91Ó°ÊÓ

To calculate the mean of the cost, denoted as \( E(C) \), we start by understanding the relationship between the cost \( C \) and the time \( Y \). The given formula is \( C = 100 + 40Y + 3Y^2 \). Since the exponential distribution has a mean of \( 10 \) hours, the expected value \( E(Y) \) is simply \( 10 \). This gives us a foundation to calculate the mean of \( C \) by using the formula:

• \( E(C) = E(100 + 40Y + 3Y^2) \)
• \( = 100 + 40E(Y) + 3E(Y^2) \)

Next, we calculate \( E(Y^2) \) using \( E(Y^2) = \text{Var}(Y) + [E(Y)]^2 \). We already know \( \text{Var}(Y) = 100 \), so substituting in gives \( E(Y^2) = 100 + 10^2 = 200 \).
Substituting these values back into the equation for \( E(C) \), we have:

• \( E(C) = 100 + 40 \times 10 + 3 \times 200 \)
• \( = 100 + 400 + 600 = 1100 \)

This tells us that the mean cost \( C \) is \( 1100 \).

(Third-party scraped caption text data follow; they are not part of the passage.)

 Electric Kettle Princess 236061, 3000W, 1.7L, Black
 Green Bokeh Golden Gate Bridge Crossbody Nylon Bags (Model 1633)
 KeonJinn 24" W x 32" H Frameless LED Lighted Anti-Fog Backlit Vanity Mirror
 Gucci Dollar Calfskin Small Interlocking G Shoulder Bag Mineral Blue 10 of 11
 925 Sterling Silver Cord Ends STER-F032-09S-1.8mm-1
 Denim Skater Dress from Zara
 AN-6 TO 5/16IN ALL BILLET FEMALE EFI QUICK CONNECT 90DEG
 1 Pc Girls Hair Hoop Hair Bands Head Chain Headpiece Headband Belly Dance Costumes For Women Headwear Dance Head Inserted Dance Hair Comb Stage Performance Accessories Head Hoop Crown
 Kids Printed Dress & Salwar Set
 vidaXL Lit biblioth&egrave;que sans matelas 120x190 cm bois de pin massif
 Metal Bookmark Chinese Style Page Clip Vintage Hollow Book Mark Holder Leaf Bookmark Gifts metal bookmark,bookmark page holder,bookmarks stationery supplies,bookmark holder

Variance in statistics provides a measure of how much a set of values are spread out from their mean. For the cost \( C \), we seek its variance, \( \text{Var}(C) \), to understand the variability of the cost around its mean.
Given the relationship, \( C = 100 + 40Y + 3Y^2 \), the variance of \( C \) depends on the variances of \( 40Y \) and \( 3Y^2 \). The formula for the variance of the cost becomes:

• \( \text{Var}(C) = \text{Var}(40Y + 3Y^2) \)
• \( \approx 40^2 \times \text{Var}(Y) \)

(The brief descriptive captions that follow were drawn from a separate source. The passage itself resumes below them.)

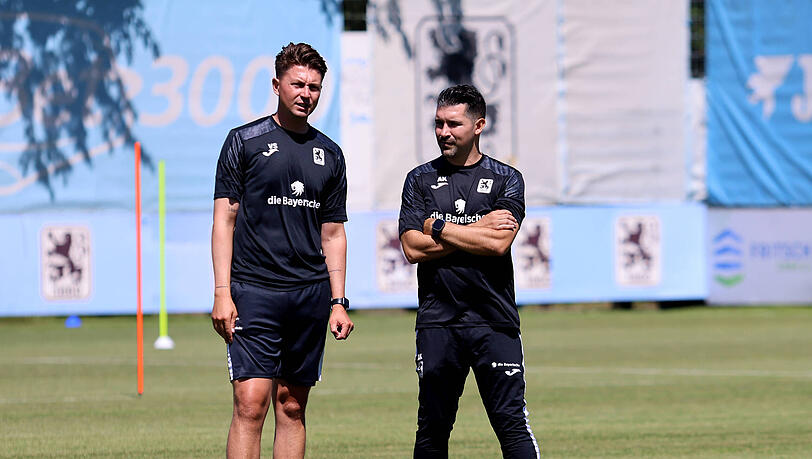 Alper Kayabunar leitete zusammen mit Vincent Saller das Training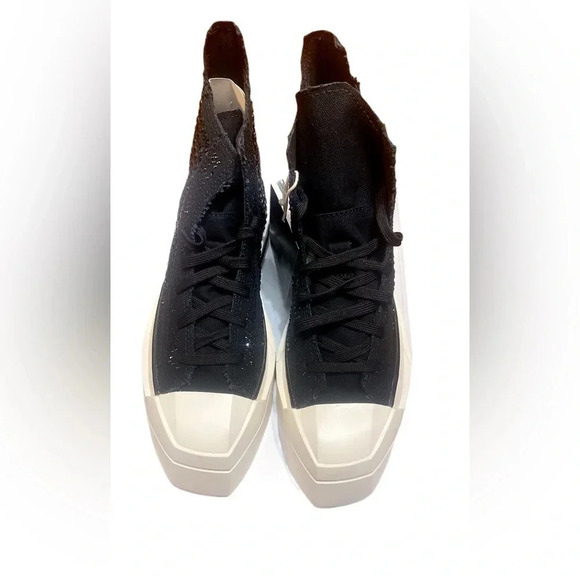 NWB Converse x Swarovski Chuck 70 de luxe black trend Squared High Top sneaker 5 - Picture 3 of 10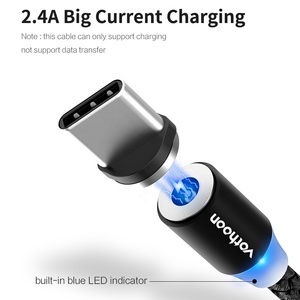 <span class=keywords><strong>C</strong></span>âble de charge magnétique 3 en 1 de forme ronde <span class=keywords><strong>USB</strong></span> <span class=keywords><strong>C</strong></span> avec adaptateur Micro Type <span class=keywords><strong>C</strong></span> 8 broches <span class=keywords><strong>C</strong></span>âble <span class=keywords><strong>USB</strong></span>-<span class=keywords><strong>C</strong></span> pour téléphone portable - Product Image 3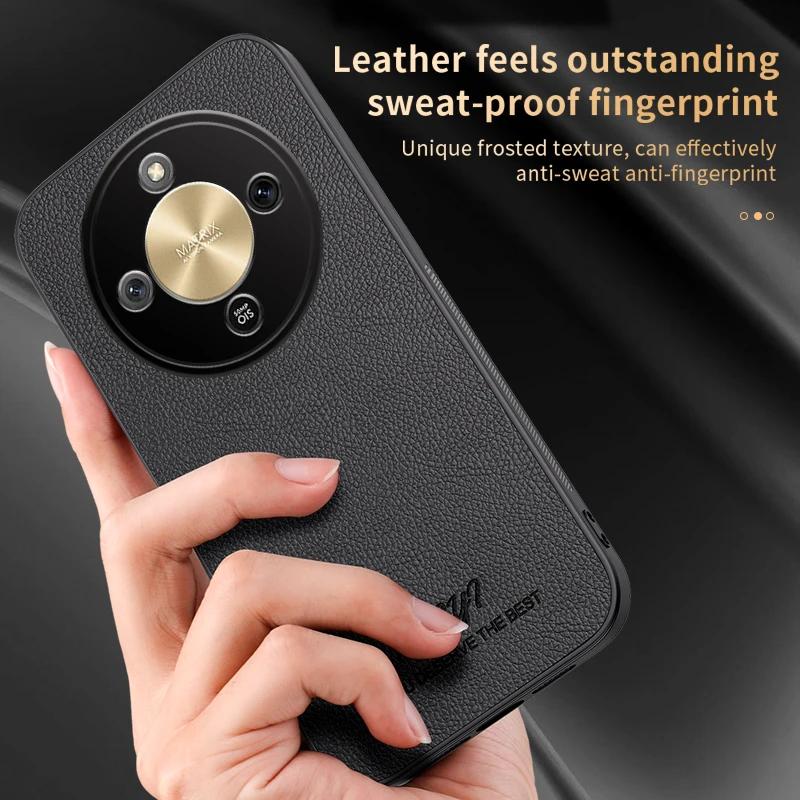 Luxus Business Leder Weicher Rahmen Magnetische Abdeckung für Honor X9D HonorX9D 5G Handyhüllen Capa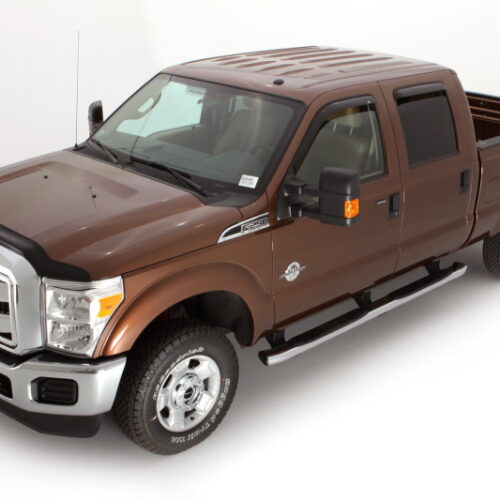 AVS 94522 99-16 Ford F-250 Supercab Ventvisor Outside Mount Window Deflectors 4pc - Smoke - Image 3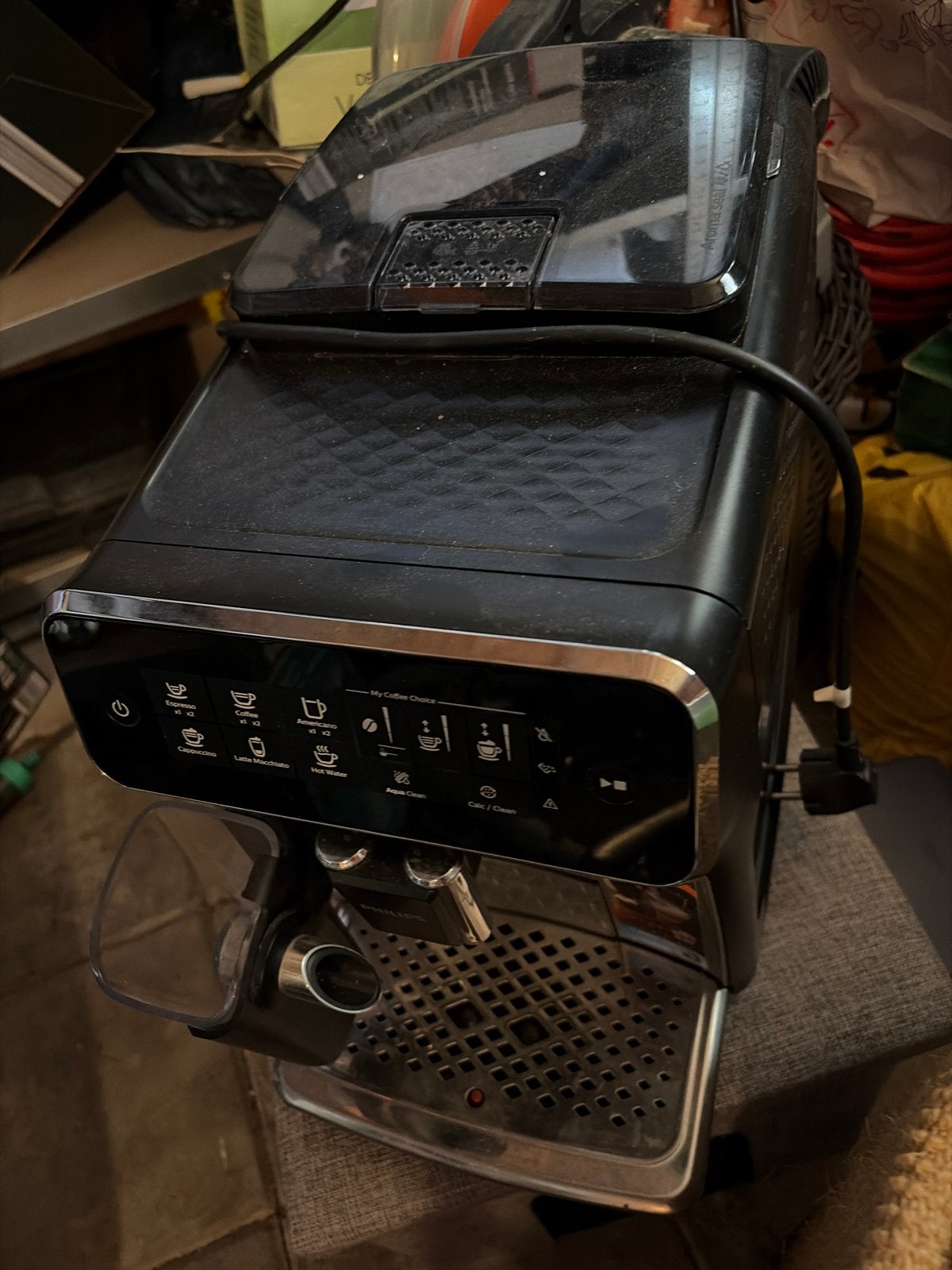 Philips volautomatische espressomachine, Witgoed en Apparatuur, Ophalen, Afneembaar waterreservoir, Gebruikt, Espresso apparaat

Note that the straight computation of \( \text{Var}(40Y + 3Y^2) \) involves covariances, but with Gaussian assumptions, the impact is minimized. Thus, the major contribution to variance comes from \( 40^2 \times 100 = 160000 \). So, \( \text{Var}(C) \) mainly represents the variability in cost due to fluctuations in time \( Y \). However, because detailed covariances weren’t expanded, this represents an approximation.

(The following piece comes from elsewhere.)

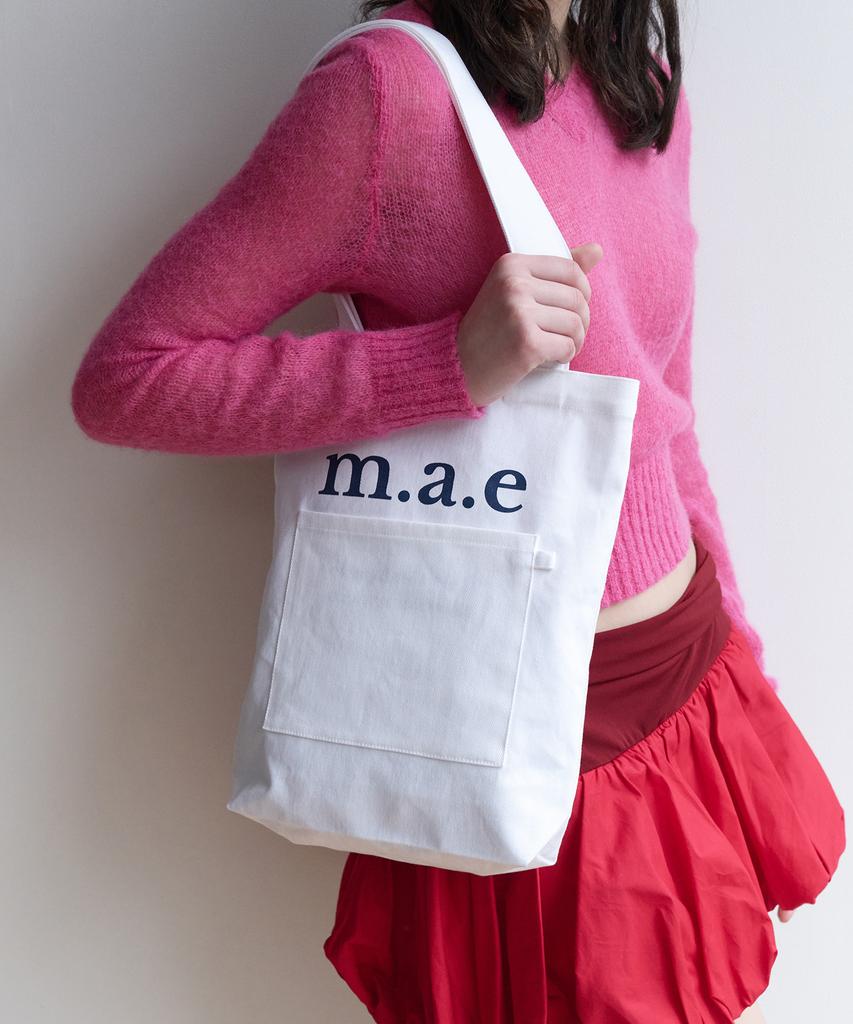 Mucu And Ebony M.A.E Our Logo Bag _ White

The expected value is a central concept in probability and statistics. It provides a measure of the center of a distribution, which in practical terms means the average or mean that we expect to occur.
For the exponential distribution, the expected value of \( Y \), denoted as \( E(Y) \), is essential, as it directly gives us the mean of the time to complete a task. In this problem, \( E(Y) \) is simply \( 10 \) hours. This value sets the ground for calculating the expected cost by relying on the relationship between time \( Y \) and cost \( C \).
To move forward with expected cost \( E(C) \), knowledge of \( E(Y) \) and the derived \( E(Y^2) \) is imperative, as these values provide the building blocks for calculating \( E(C) \) through:

• \( E(C) = 100 + 40E(Y) + 3E(Y^2) \)

Ultimately, the expected value unifies these calculations, offering a singular value representative of an otherwise complex statistical distribution of potential costs.